Angry Doctor. I believe the Ninth Doctor would have killed the Dalek on two separate occasions. First time when he attempted to electrocute the Dalek to death but was stopped by staff of Van Statten, and again by words of Rose at the end of the episode.

The Long Game

The Long Game was basically a critique of mainstream media, which is a theme that has become topical again in 2015. When the Doctor, at the end of the episode, confronts Adam over what he did, I thought the Ninth Doctor was going to punch him.

Father’s Day

Father’s Day plot reminds me of the Stephen King short story the Langoliers in which creatures of time itself what is left of the past by eating it. The difference between the Langolier monsters and the Reapers in Doctor Who is that the Reapers only intervene if someone has been trying to change the past, whereas the Langoliers consume all of the past even if history has not been changed. The Ninth Doctor explains that all people are important when he speaks to a couple in the church this is a continuation of utilitarian ethics discussed in Rose.

The Empty Child

When the Doctor is talking to the homeless children during a bombing raid during the Blitz and discovers they steal food during a bombing raids the Ninth Doctor replies “not sure if that is Marxism in action, or a West End musical”, which I thought was a brilliant line.

The Doctor Dances

I think ‘The Doctor Dances’ and ‘The Empty Child’ are one of Steven Moffat’s best story ideas, as they are clever episodes with the idea of nanobots getting confused a plausible concept. ‘The Empty Child’ and ‘The Doctor Dances’ show a simple concept can be a clever.

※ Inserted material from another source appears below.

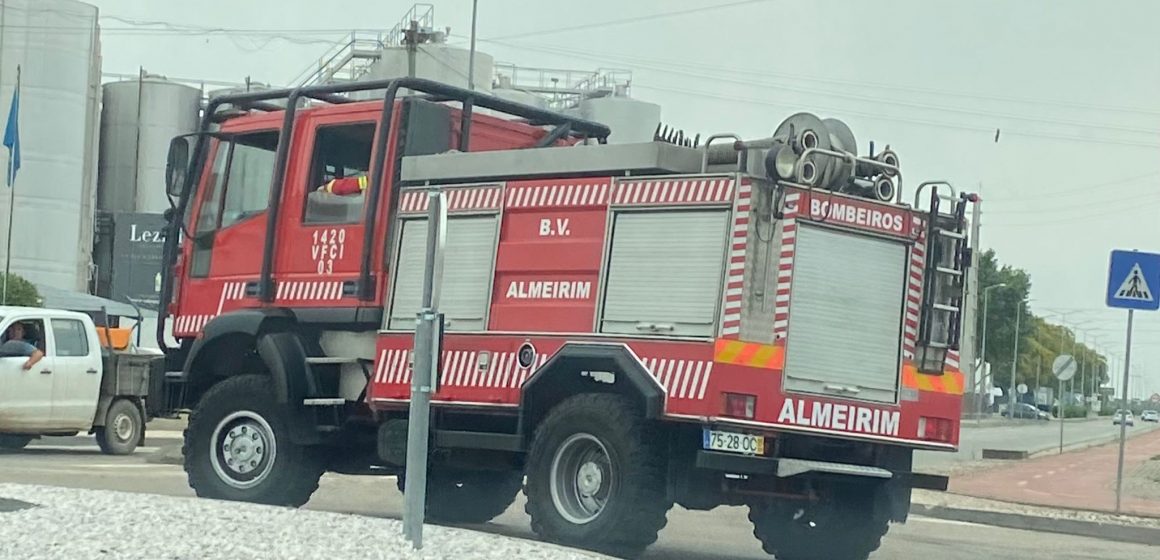 Incêndio provoca danos em anexo de habitação em Fazendas de Almeirim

‘The Doctor Dances’ introduce the memorable scene of “go go go with bananas, a good source of potassium. By chance, bananas played a crucial role in defeating the racist white man march in Liverpool when an anti-fascist threw them at the racists and they slipped on the bananas!

Boom Town

The moral theme explored in ‘Boom Town’ was if something is lawful, does it necessarily mean it is moral? The dialogue in the restaurant between the Ninth Doctor and Margaret Blaine had its witty moment when the Slitheen tried to poison the Doctor with a dart from her finger, and then with poisonous breath which The Doctor filled her mouth with mouthwash to neutralize the poison, the look on her face was priceless!

Bad Wolf

Badwolf has one of the best opening scene as the Doctor within a couple of minutes of the episode Ninth Doctor is inside the diary room of Big Brother sitting on a red chair being asked “not to swear” to which Ninth Doctor replies “you got to be kidding me,” then theme tune started, implying that between theme tune at start of episode and continuation of story the Ninth Doctor was actually swearing from Satellite 5 in front of billions of viewers.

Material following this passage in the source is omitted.